The person I was talking to said that the correct rule is "from". This seems quirky to me however. If you "ask X from someone", it means that you ask them to give you an X. So to me, whereas "asking an answer from" makes sense, "asking a question from" doesn't, unless you're asking for a question.

I've seen a source on the internet that says "of" is the correct rule. But this sounds odd to both of us. "asking a question of X" sounds like you have a question about X.

So, which is the correct one, and why? Is my reasoning about "from" correct?

  • 2
    "To ask" already implies a question, which is similar to the Dutch verb "vragen", not so much "stellen" (to pose). In both Dutch and English, the default is to omit the preposition in that case. But similar as Dutch and English may be, prepositions are the major exception. My (native Dutch) mother invited the neighbor's kid and me (both 4 years old) to sit on the table, and we happily complied ;)
    – MSalters
    Jun 23, 2014 at 8:12

4 Answers 4


If you have to use a preposition with ask a question, then of your choices, certainly it has to be of.

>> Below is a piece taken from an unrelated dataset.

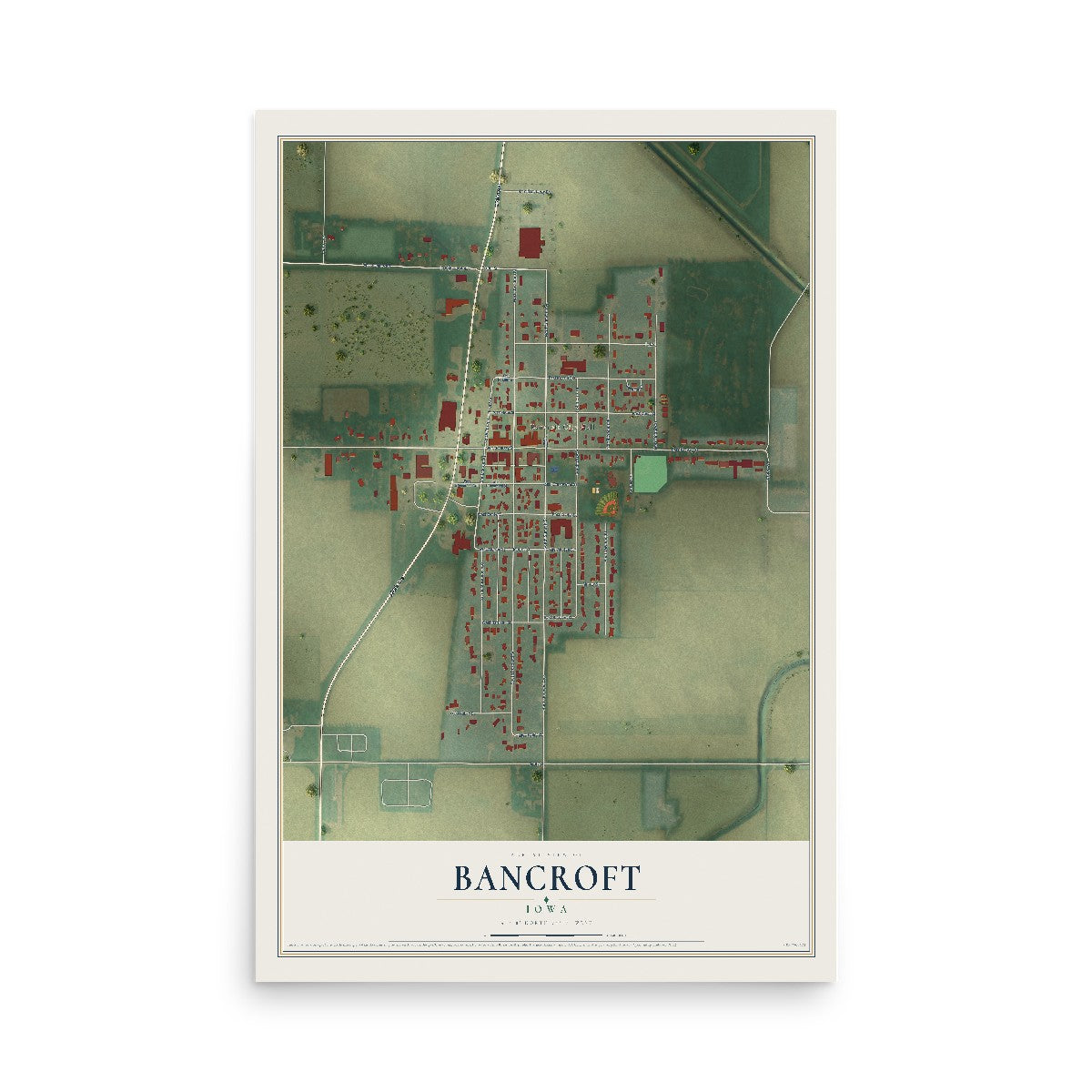 Map of Bancroft, Iowa, 12 x 18 inch unframed archival matte print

The thing is that normally, we wouldn’t use a preposition at all to name the person we’re posing the question to. Instead, we’d just use an indirect object, which must fall between the verb and the direct object:

  • I’ll ask them three questions. [indirect object]
  • I’ll ask three questions of them. [prepositional object]

Or like this:

  • He asked them my name. [indirect object]
  • He asked my name of them. [prepositional object, but somewhat stilted]

But remember, you also ask someone for something, which makes it more of a request instead of just questioning them:

  • He asked them for my phone number.
  • He requested my phone number from them.

I can't find any references that really address this, but as a native English speaker, this is what sounds right to my ear:

Ask John a question.

Ask a question of John.

Pose a question to John.

Request a response to a question from John.

  • Or indeed "put a question to John".
    – tobyink
    Jun 23, 2014 at 23:48
  • 2
    "Request a response to a question from John" is ambiguous. Should the response be from John, or was the question asked by John?
    – tobyink
    Jun 23, 2014 at 23:48
  • "Ask a question from John" is wrong?
    – Moh
    May 22, 2019 at 16:37
  • @Mich, yes, unless you want John to ask you a question. The "for" is implied; "ask for a question from John" is more common.
    – zylstra
    Jan 31 at 5:12

Ordinarily we use none of these: we say ask a person/him/her a question. But when we wish to express the person to whom the question is addressed with a preposition phrase, we use of: ask a question of a person/him/her.

Likewise, we inquire of someone what it is that we want to know. But as MrsLannister points out, this does not hold with other verbs.


Instead of asking someone "Who/whom do I ask about X", if you don't want to specify the subject, you could ask more generally "Who/whom do I ask questions of?"